* DATA EXTRACT:
►

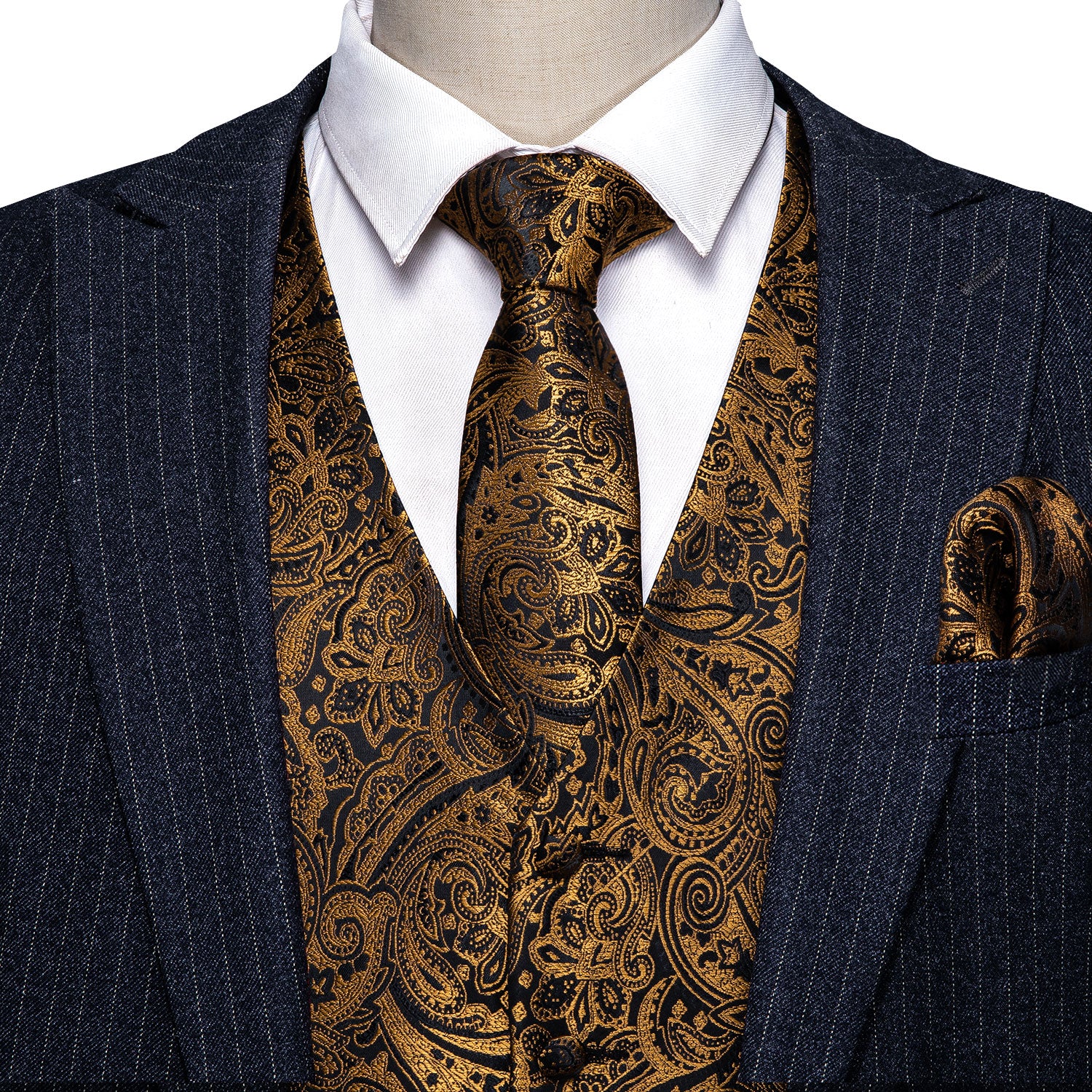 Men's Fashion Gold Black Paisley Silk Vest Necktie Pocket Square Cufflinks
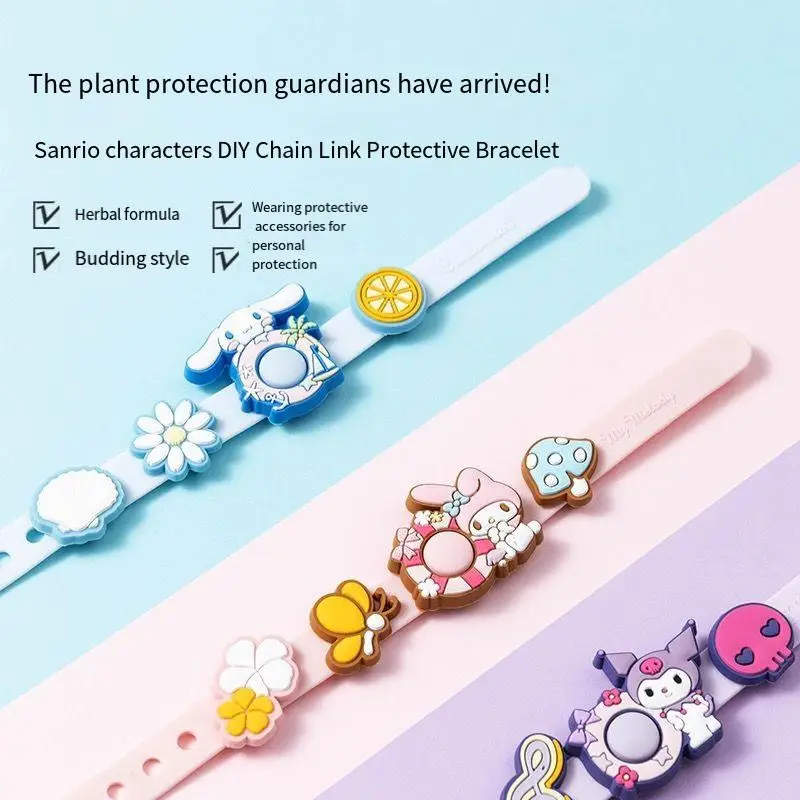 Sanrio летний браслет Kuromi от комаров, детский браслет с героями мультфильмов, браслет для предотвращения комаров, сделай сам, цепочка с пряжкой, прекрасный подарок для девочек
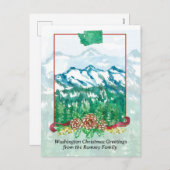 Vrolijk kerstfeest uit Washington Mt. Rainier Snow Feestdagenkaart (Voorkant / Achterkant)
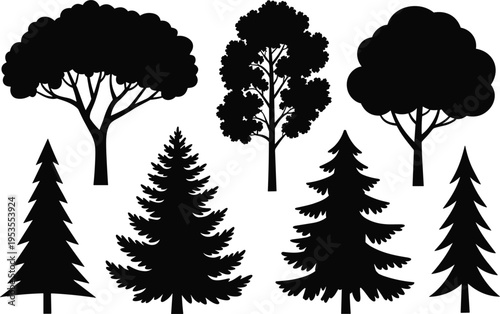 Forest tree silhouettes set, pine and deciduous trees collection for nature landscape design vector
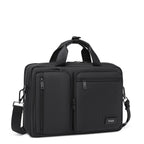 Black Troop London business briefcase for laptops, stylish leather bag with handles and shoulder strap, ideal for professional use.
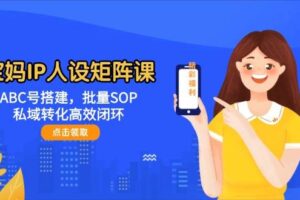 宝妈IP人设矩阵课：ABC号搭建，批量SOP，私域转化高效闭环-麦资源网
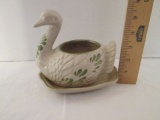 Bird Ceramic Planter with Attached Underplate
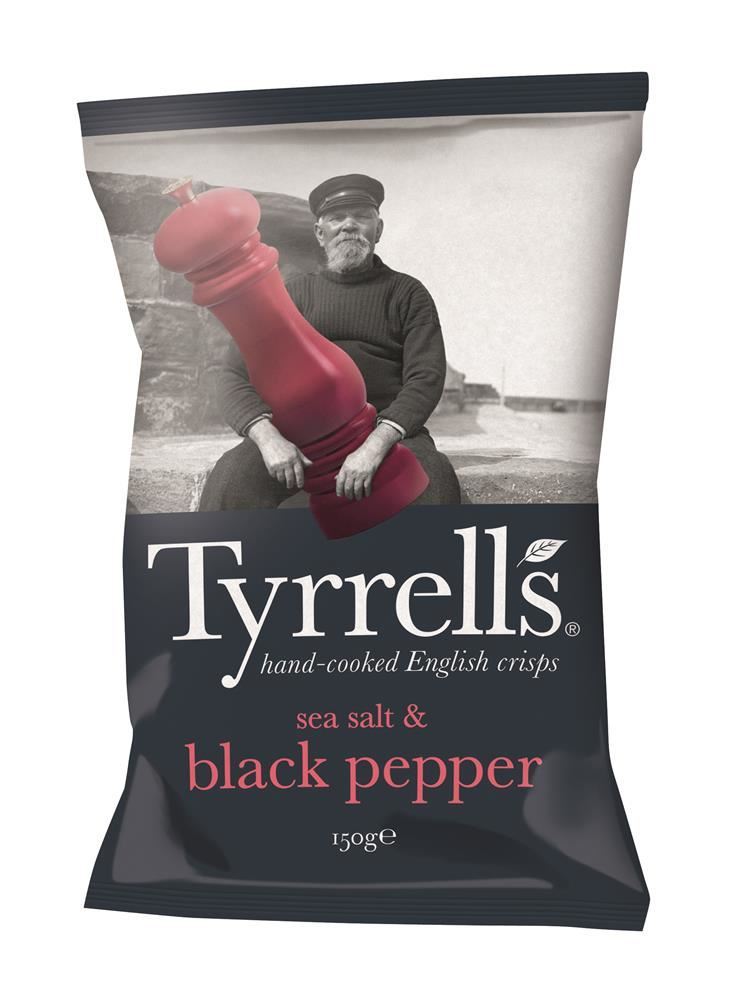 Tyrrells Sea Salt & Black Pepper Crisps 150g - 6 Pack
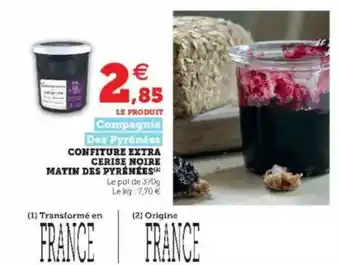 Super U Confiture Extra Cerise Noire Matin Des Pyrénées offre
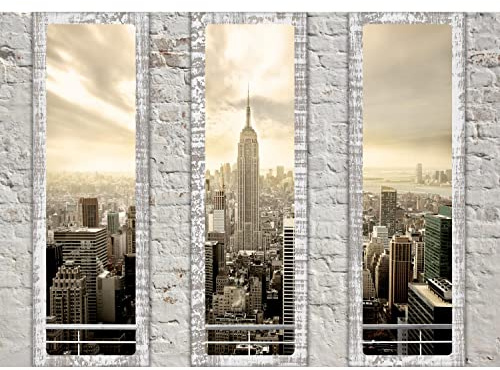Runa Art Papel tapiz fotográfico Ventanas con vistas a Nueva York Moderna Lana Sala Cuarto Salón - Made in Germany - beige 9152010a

◄
►

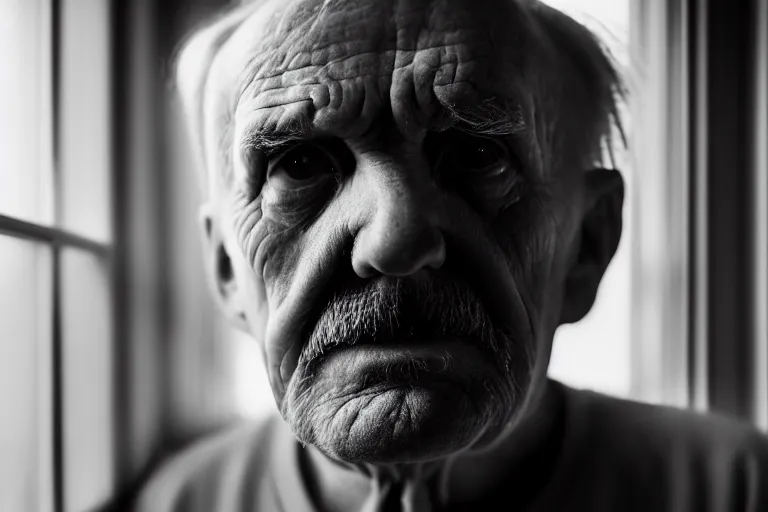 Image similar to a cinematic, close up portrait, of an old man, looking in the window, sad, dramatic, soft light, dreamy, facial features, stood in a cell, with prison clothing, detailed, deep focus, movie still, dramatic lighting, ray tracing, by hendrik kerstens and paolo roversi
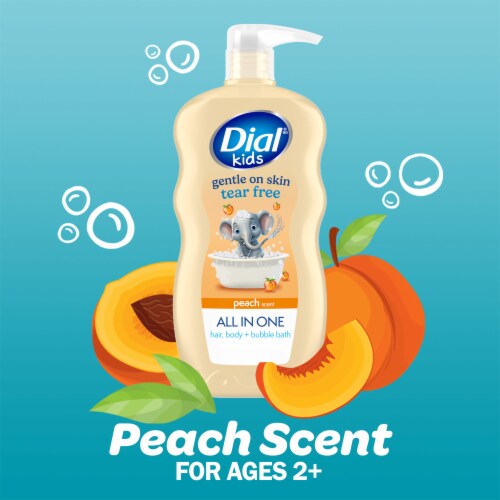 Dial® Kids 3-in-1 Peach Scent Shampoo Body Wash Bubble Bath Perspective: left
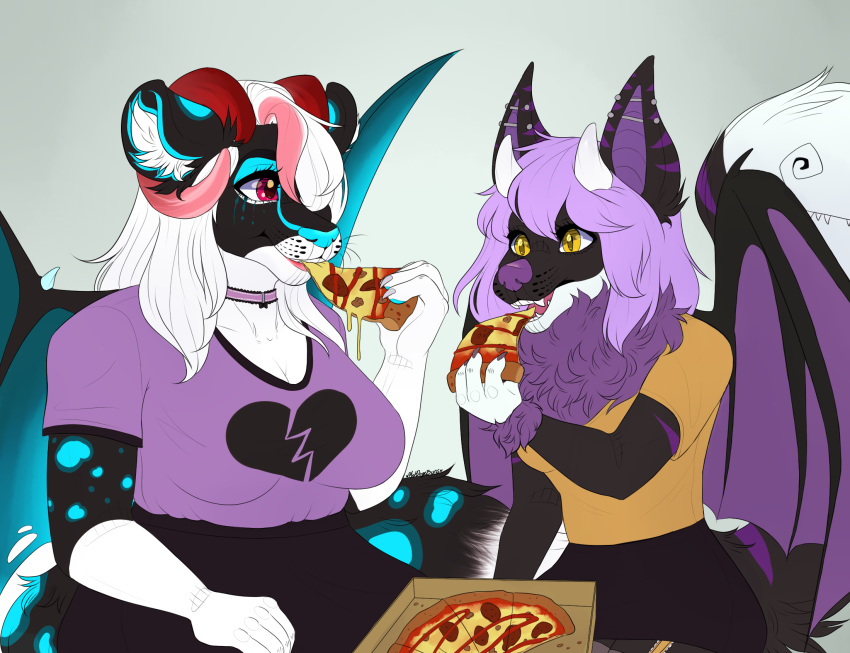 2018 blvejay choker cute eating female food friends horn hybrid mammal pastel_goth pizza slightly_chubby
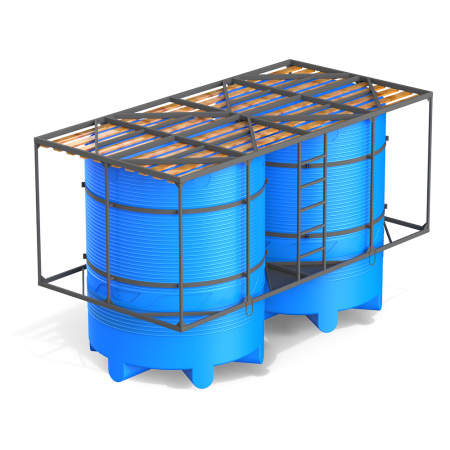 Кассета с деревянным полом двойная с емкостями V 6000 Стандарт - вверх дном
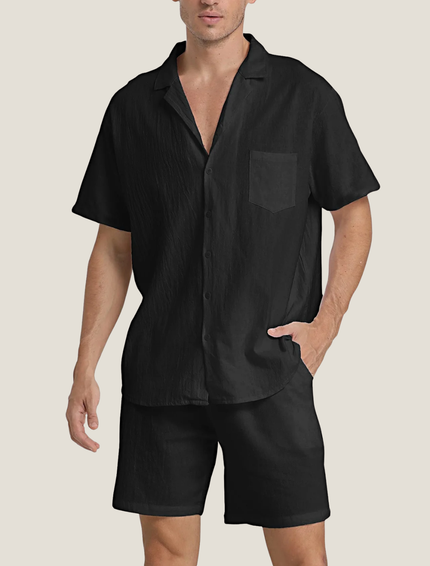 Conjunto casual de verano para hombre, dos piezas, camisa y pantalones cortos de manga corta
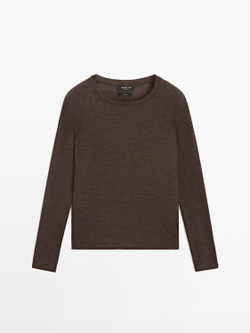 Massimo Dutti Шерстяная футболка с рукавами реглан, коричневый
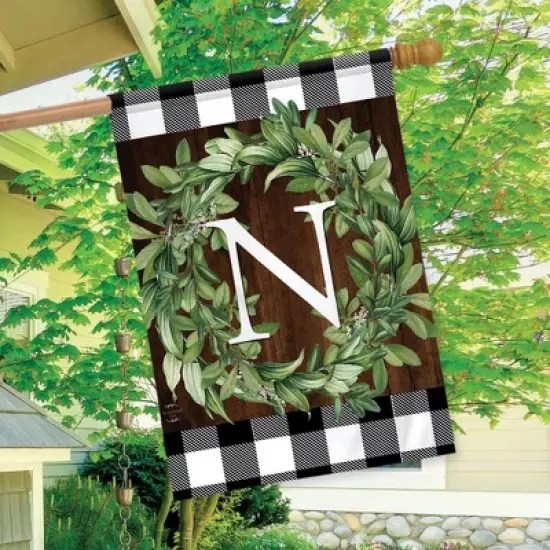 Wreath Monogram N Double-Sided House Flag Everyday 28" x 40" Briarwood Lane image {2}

◄
►

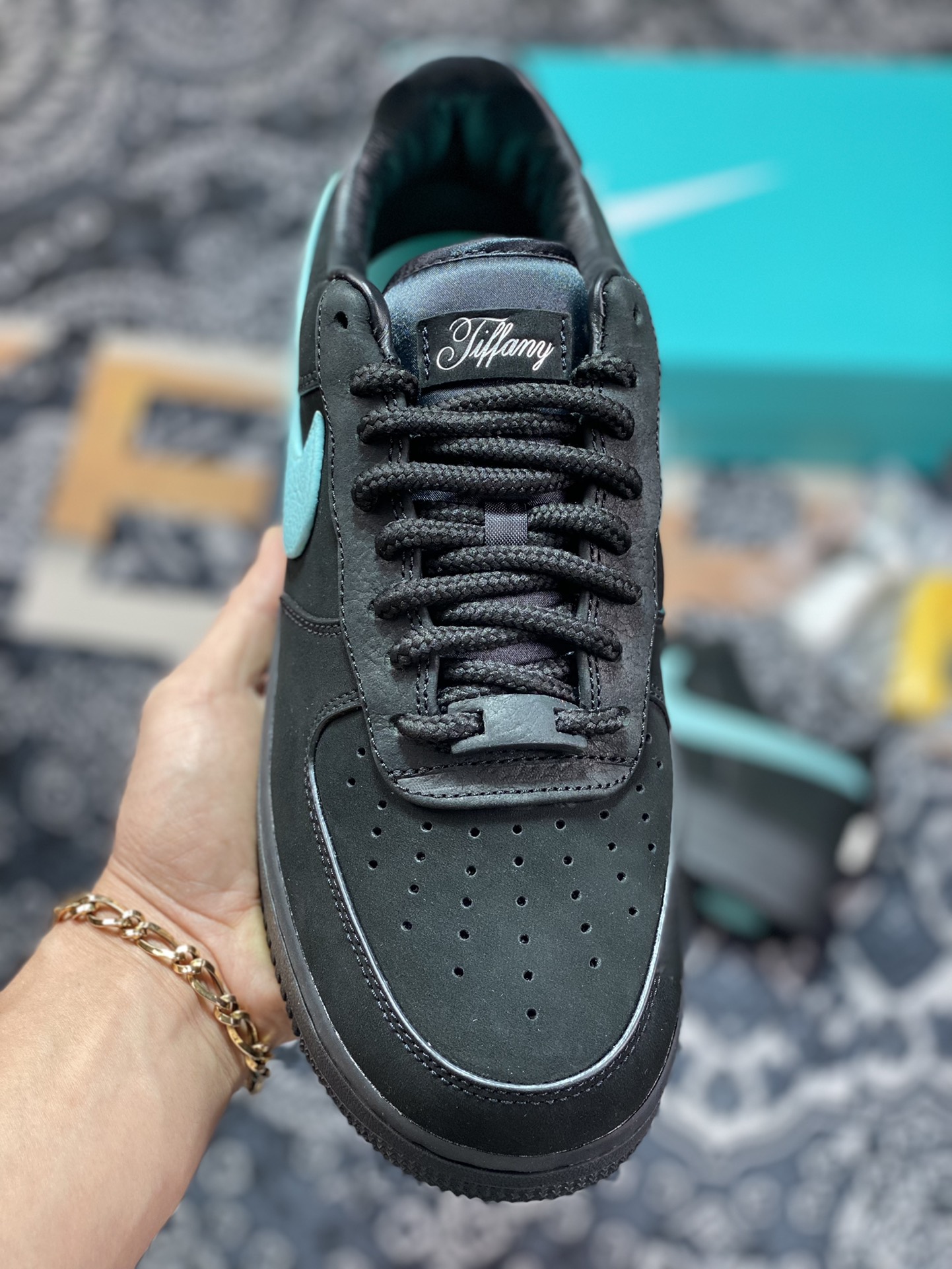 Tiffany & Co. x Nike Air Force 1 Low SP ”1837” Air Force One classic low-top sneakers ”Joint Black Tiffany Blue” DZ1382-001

◄

Though the entries above contain pictures, none should be copied; reproduce only the lines between the one holding "Sanrio летний браслет" and the one holding "Runa Art Papel", inclusive, exactly as written.

* RESULT OF THIS TASK:
 Sanrio летний браслет Kuromi от комаров, детский браслет с героями мультфильмов, браслет для предотвращения комаров, сделай сам, цепочка с пряжкой, прекрасный подарок для девочек
 Vrolijk kerstfeest uit Washington Mt. Rainier Snow Feestdagenkaart (Voorkant / Achterkant)
 Forest tree silhouettes set, pine and deciduous trees collection for nature landscape design vector
 Black Troop London business briefcase for laptops, stylish leather bag with handles and shoulder strap, ideal for professional use.
 宝妈IP人设矩阵课：ABC号搭建，批量SOP，私域转化高效闭环-麦资源网
 Bird Ceramic Planter with Attached Underplate
 Tyrrells Sea Salt & Black Pepper Crisps 150g - 6 Pack
 Super U Confiture Extra Cerise Noire Matin Des Pyrénées offre
Runa Art Papel tapiz fotográfico Ventanas con vistas a Nueva York Moderna Lana Sala Cuarto Salón - Made in Germany - beige 9152010a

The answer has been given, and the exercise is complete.